Rustdoc: reStructuredText vs Markdown

I’m by no means the most educated or motivated on this one, but all the people who are better qualified to write this have better things to do, so here we go!

#On The Potential Inadequacy of Markdown

Rustdoc currently uses “vanilla” markdown with some common extensions for all of our documentation. This is done by piping through a C library called Hoedown. As more proposals pop up to tweak or extend our documentation capabilities, this becomes an increasingly questionable position.

Proposed Modifications

  • Performance Docs: Performance is a distinct issue to raw usage or behaviour. For this reason I believe it would be desirable to separate it out as something that can be programmatically identified and manipulated. Possible usecases include “perf only” filters and tables of operations for e.g. collection traits.

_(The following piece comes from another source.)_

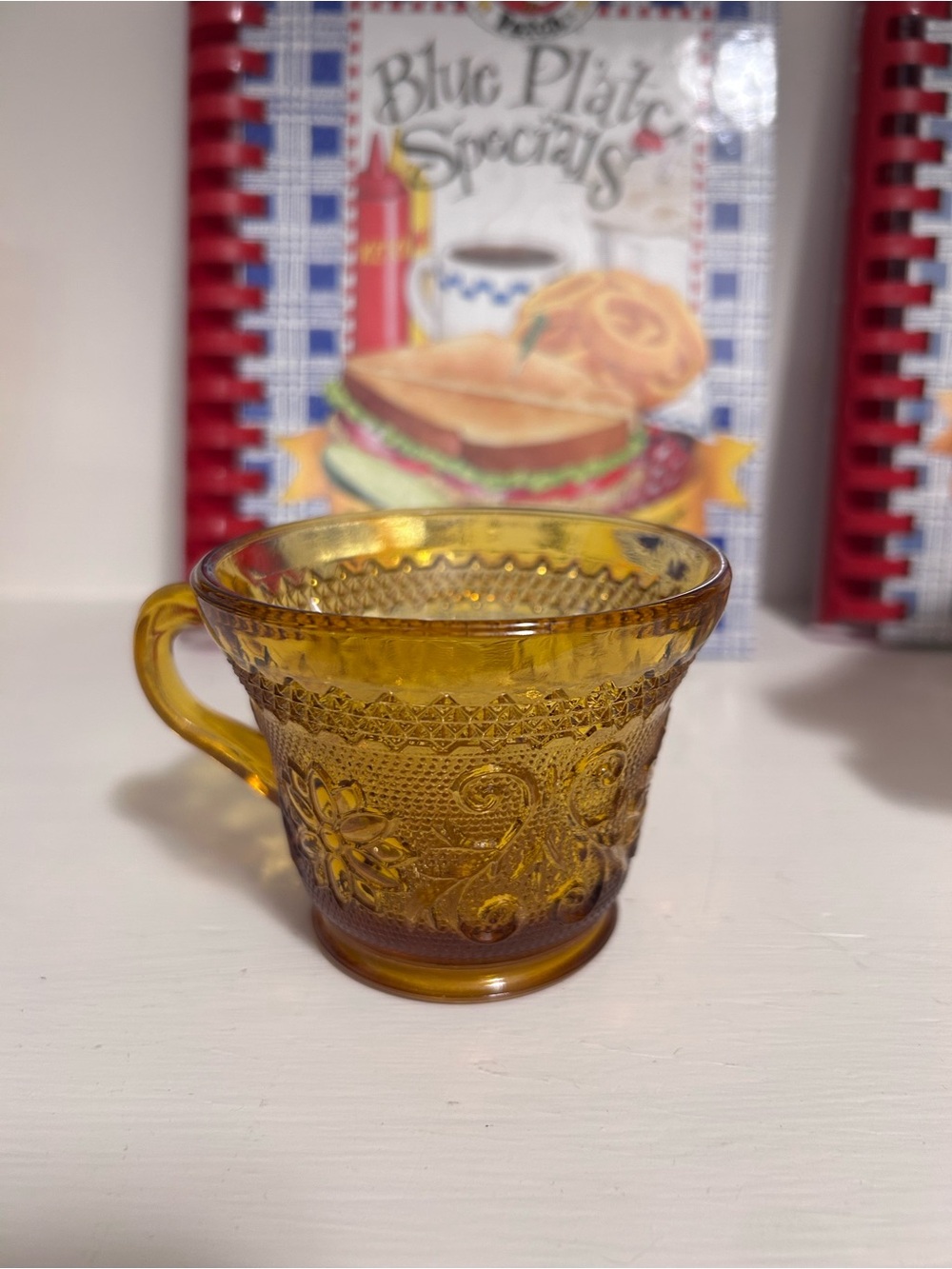 Vintage Indiana glass company Tiara sandwich Amber tea cup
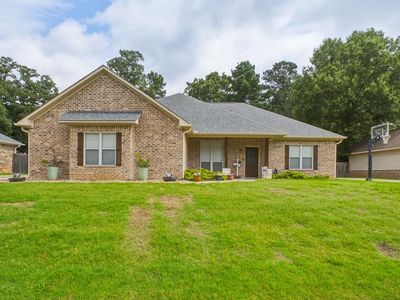 6912 Woodmere Ct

  • Safety/Failure Docs: Similarly to the performance issue, safety and failure are important issues that would be convenient to extract/manipulate.

  • Inter-Api Linking: Being able to specify a part of some Rust api, and have it automagically linked without knowing where it would appear in the generated page hierarchy

  • Context-Sensitive Header Levels: Markdown considers an # to be an <h1> and not simply “the highest level heading reasonable where this will be embedded”, which seems to really be what we want.

  • Mathjax Support: It would be great to be able to properly render simple and complex snippets of math using Mathjax, but the underlying server-side text processor needs to cooperate.

These issues can be individually hacked around. #'s can be migrated to ##, or we can (try) to string-replace <h1>'s with <h2>'s. Safety/Failure/Perf docs can be designated by “magic” #safety, #performance, etc headers. Magic URLs can be post-processed to find relevant docs. Mathjax can probably be backdoored in with some exceptionally brittle regexes. But these are hacks that have a debt associated with them.

Hoedown itself probably can’t be configured to provide these features, as it is exceptionally unconfigurable, as far as I can tell. Special strings/characters are all hardcoded. Features are just toggled by hardcoded magic bitflags. I don’t think we want to take on supporting our own fork of it to provide these features. Hoedown being written in C also presents a potential security vulnerability (compared to the rest of Rustdoc, at least).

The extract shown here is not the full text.